▶ **Task brief**: Retype the entries below without any change.

(Stored data)

•••••

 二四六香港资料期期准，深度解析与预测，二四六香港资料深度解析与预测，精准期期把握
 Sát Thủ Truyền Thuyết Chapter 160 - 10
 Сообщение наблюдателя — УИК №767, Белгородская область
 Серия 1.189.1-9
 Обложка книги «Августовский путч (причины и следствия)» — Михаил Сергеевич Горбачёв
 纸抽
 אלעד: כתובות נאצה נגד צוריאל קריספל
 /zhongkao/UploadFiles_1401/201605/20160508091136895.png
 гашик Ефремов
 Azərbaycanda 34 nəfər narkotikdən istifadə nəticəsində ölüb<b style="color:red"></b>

•••••

▶ **Exercise output**:
 二四六香港资料期期准，深度解析与预测，二四六香港资料深度解析与预测，精准期期把握
 Sát Thủ Truyền Thuyết Chapter 160 - 10
 Сообщение наблюдателя — УИК №767, Белгородская область
 Серия 1.189.1-9
 Обложка книги «Августовский путч (причины и следствия)» — Михаил Сергеевич Горбачёв
 纸抽
 אלעד: כתובות נאצה נגד צוריאל קריספל
 /zhongkao/UploadFiles_1401/201605/20160508091136895.png
 гашик Ефремов
 Azərbaycanda 34 nəfər narkotikdən istifadə nəticəsində ölüb<b style="color:red"></b>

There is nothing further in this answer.